When the levels of the relative luciferase activity of p300FL and its three shortened versions are compared, it is noteworthy that p300C reached the highest level of enhancement of Bel1/Tas-mediated activation (Fig. 2). Besides its intrinsic HAT activity, p300C contains both the intact C/H3 and Q domains that interact with the HAT enzymes PCAF and SRC-1, respectively [10, 24, 25]. These three HAT enzymes are likely responsible for the large enhancement of the observed trans-activation either directly by acetylation of Bel1/Tas or indirectly by histone acetylation, or both. In contrast to p300C, p300N and p300M do not possess any HAT activities nor do they bind to HAT-containing interaction partners. On the other hand, it is well known that p300 and its three subregions bind a plethora of various partner molecules leading to either activation or repression of transcription. Since the high level of p300C-mediated activation was partially inhibited in cotransfections with C/H1 and pbel1s, competition for Bel1/Tas between the C/H1 and the p300C-terminal interaction partners PCAF and SRC-1 cannot be ruled out so that both direct and indirect mechanisms might be responsible for the relative increase in Bel1/Tas-mediated activation by p300C. When Bel1/Tas binds to the C/H1 domain, the degree of Bel1/Tas acetylation may be much lower, since the protein surface of Bel1/Tas may be occluded and, hence less accessible. Some residual Bel1 acetylation might still occur by endogenous p300 and PCAF. Other factors might play additional roles. The ability of full-length p300 to trans-activate Bel1/Tas was relatively low for two reasons. First, the transfection efficiency of the full-length p300 is very low because of its large plasmid size, and the concentration of endogenous p300 is limiting. Secondly, the activation loop of p300 HAT is not fully activated by auto-acetylation as required for full trans-activation .
Since the relative activation by SRC-1 was not as high as that of p300C, we consider the HAT activity of PCAF as one of the major players of Bel1/Tas-mediated trans-activation. This result is supported by the observed enhancement of Bel1/Tas activation after cotransfection with PCAF that resulted in higher levels of Bel1 acetylation thereby leading to increased binding to the IP.BRE [J. Bodem, personal communication]. Thus, the observed high level of enhancement of p300C might be due to the synergistic effects brought about by formation of ternary p300C-PCAF-Bel1 and binary p300C-SRC complexes, respectively. In these multimeric protein complexes, Bel1/Tas binds p300C indirectly through PCAF. Consistent with the HAT activities of PCAF and p300, we detected acetylated Bel1/Tas in pbel1s-transfected 293T cells using monoclonal antibody against acetyl-Lysine after immunoblotting (our unpublished data). It is intriguing that the distribution of the closely spaced Lysines of Bel1/Tas apparently mimics the correspondingly spaced Lysines in histones. This observation is further complicated by our observation that cotransfection with higher levels of PCAF led to a reduced stability of Bel1/Tas (Fig. 9). We assume that PCAF acetylates or even hyper-acetylates the Bel1/Tas protein at closely spaced Lysines in analogy to other activators reported previously . The decreased stability of acetylated Bel1/Tas might indicate that modified Bel1/Tas is less stable than the unmodified form. This observation adds an additional layer of combinatorial regulation to Bel1/Tas-mediated trans-activation.

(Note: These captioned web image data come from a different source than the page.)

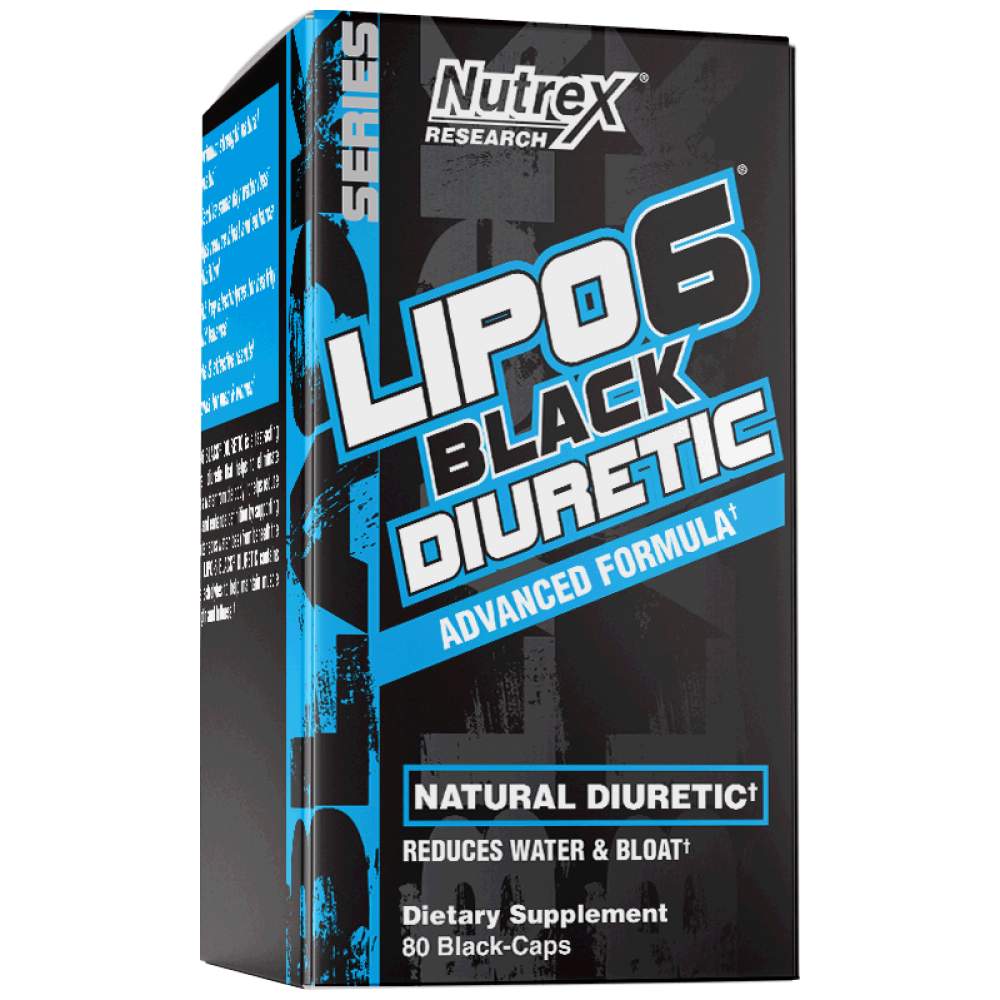 Lipo 6 čierna / diuretika - 80 kapsúl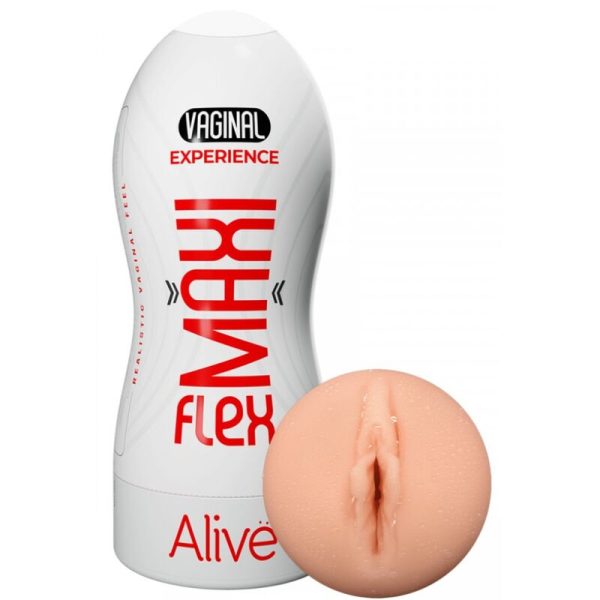ALIVE - MAXI FLEX MASTURBADOR MASCULINO VAGINAL TAMANHO L - Imagen 2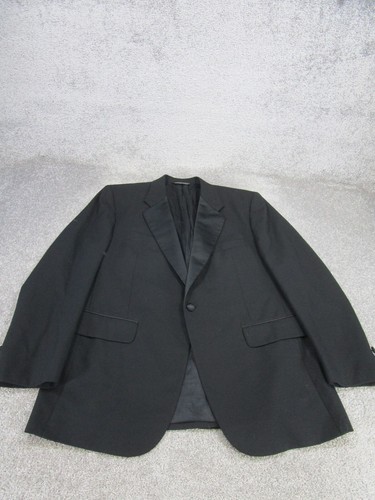 Burberrys Suit Jacket Mens 44 Black Wool Casual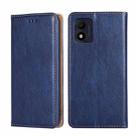 For Alcatel 1B 2022 Pure Color Magnetic Leather Phone Case(Blue) - 1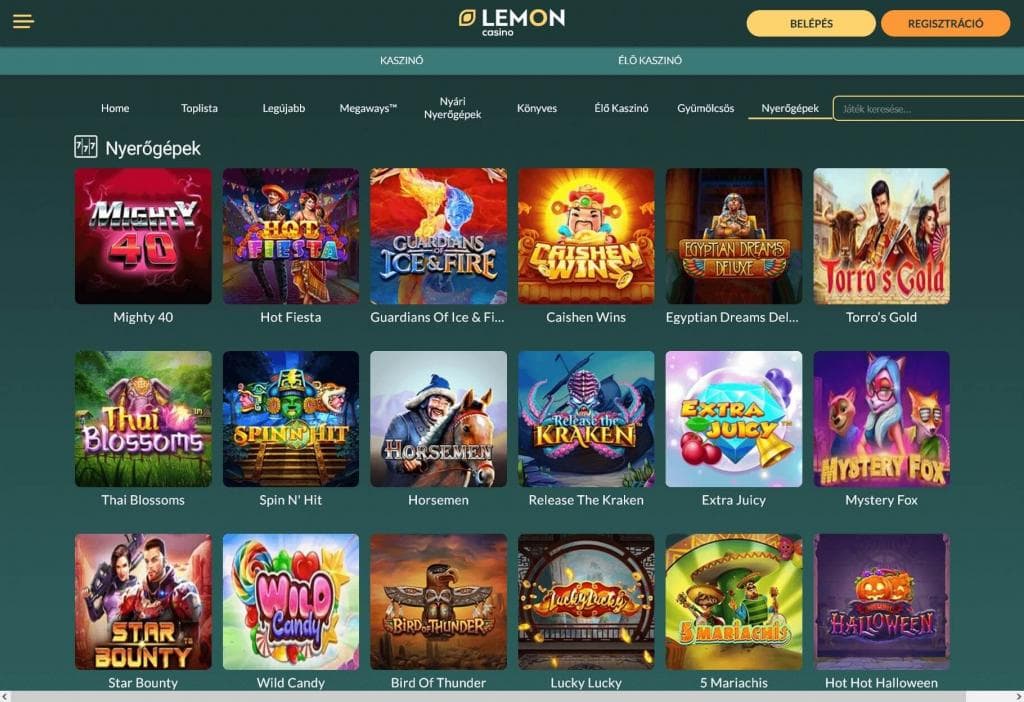 lemon casino, online nyerőgépek, online casino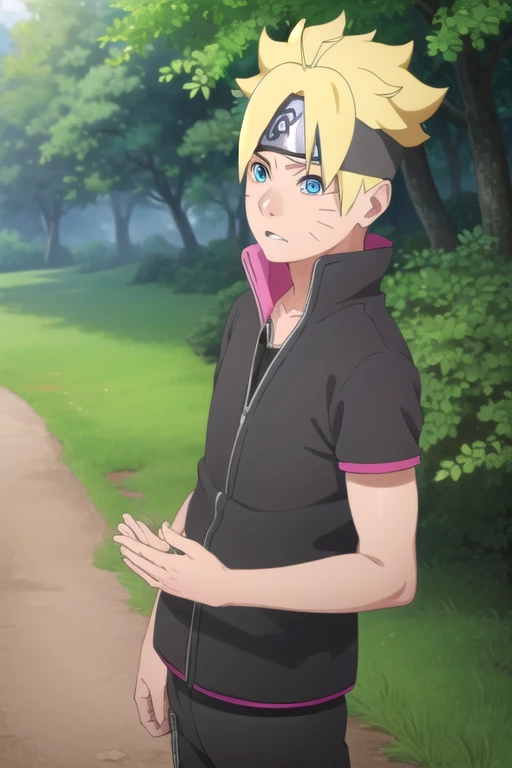 Borutouzumaki, Boruto Uzumaki, short hair, Blue eyes, Blonde hair, Male focus, mark on face, spiky hair, mustache markings, forehead protector,
outdoors, the forest, nature, trees, grass, sky, clouds, Sun,
BREAK looking at viewer, (cowboy shot:1.5),
BREAK (masterpiece:1.2), Best quality, a high resolution, unity 8k wallpaper, (illustration:0.8), (Beautiful detailed eyes:1.6), very detailed face, Ideal lighting, extremely detailed computer graphics, (Perfect hands, Ideal Anatomy), nude body, nude top, spread legs, squatting, little dick, shy, 8k quality,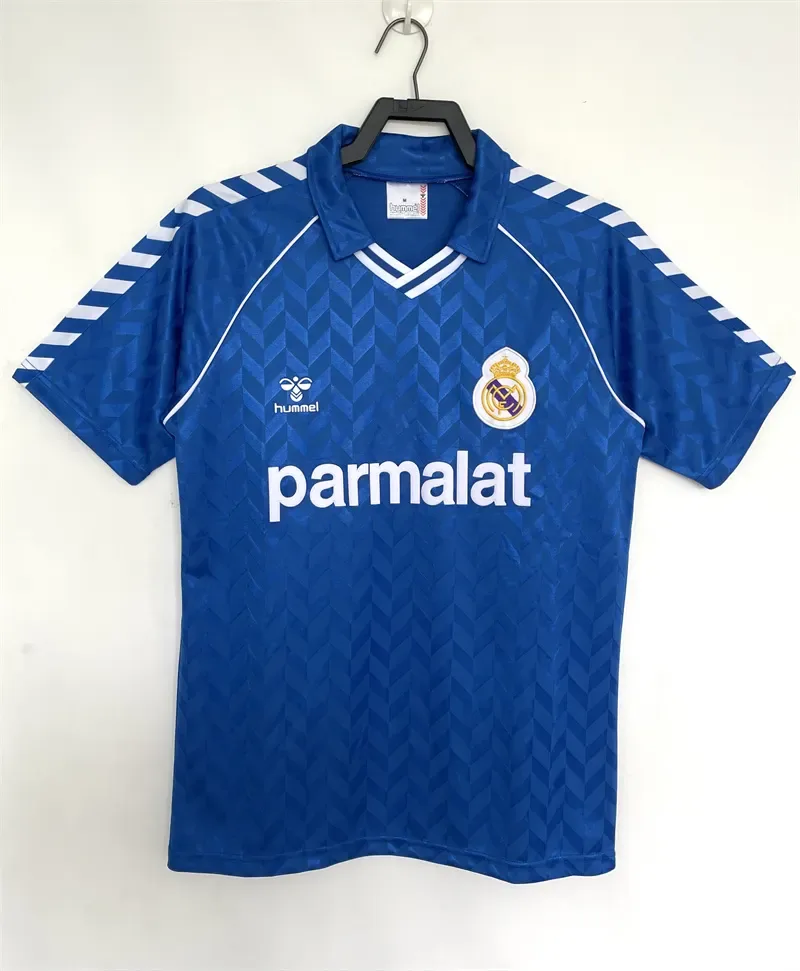 1986/1987 Retro Real Madrid Auswärts Fußballtrikot  — main view
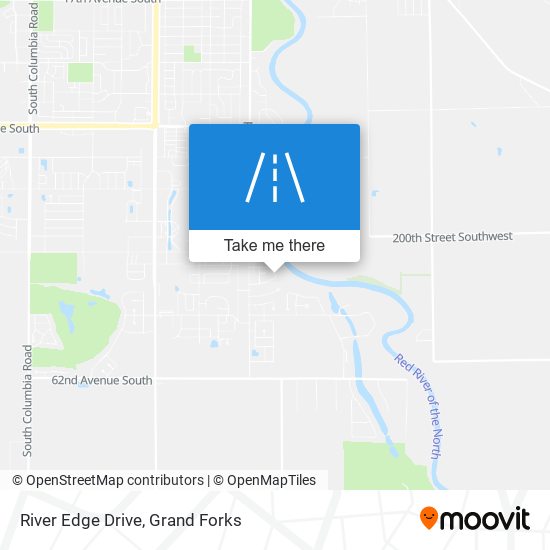 River Edge Drive map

It is intriguing that some viral trans-activators interact with more than a single p300 domain [10, 14]. However, Bel1/Tas might recruit a second interacting region of p300 through binding PCAF (Fig. 10) that is known to interact with a p300 domain different from the C/H1 domain (Fig. 1) . The complex nature of p300-Bel1/Tas interactions reported here might serve to strengthen the overall binding affinity between Bel1/Tas and the PCAF interaction domain of p300 within a larger transcriptional complex . PCAF is known to specifically acetylate distinct Lysine residues of a subset of core histones and thereby regulate the transcriptional activity of many genes depending on the genetic context. It is well documented that acetylation, methylation and other covalent histone modifications are essential signals for the regulation of transcription .
It remains to be seen whether the stronger level of enhancement of p300C is a special if not unique feature of Bel1/Tas activation and due to over-expression or to repressive effects of other p300-interacting protein factors that cannot bind to the truncated p300 protein. Alternatively, many other factors were reported to bind to the C-terminal domains of p300 that also encompass general transcription factors TBP and TFIIB proteins that might also be responsible for the enhancement observed here [1–3].
In search of viral and cellular activators that are comparable with the ability of Bel1/Tas to interact with the C/H1 domain of p300, we found one case. A report indicates that EBNA-2 protein shares many features with Bel1/Tas that include the C-terminal acidic activation domain as well as the abilities to bind both the C/H1 domain and PCAF . There remain two differences, however. First, EBNA-2 binds to both the C/H1 and the C/H3 domain, and, secondly, PCAF does not coactivate EBNA-2 in strong contrast to Bel1/Tas .
Of note, an additional HAT enzyme, GCN5, did not interact with Bel1/Tas when tested in reporter genes assays indicating that only distinct HAT sets such as those identified in this report specifically interact with Bel1/Tas in trans-activation. The precise roles of the HAT activities of PCAF, p300, and SRC-1 during Bel1/Tas-mediated trans-activation remain to be addressed in future studies.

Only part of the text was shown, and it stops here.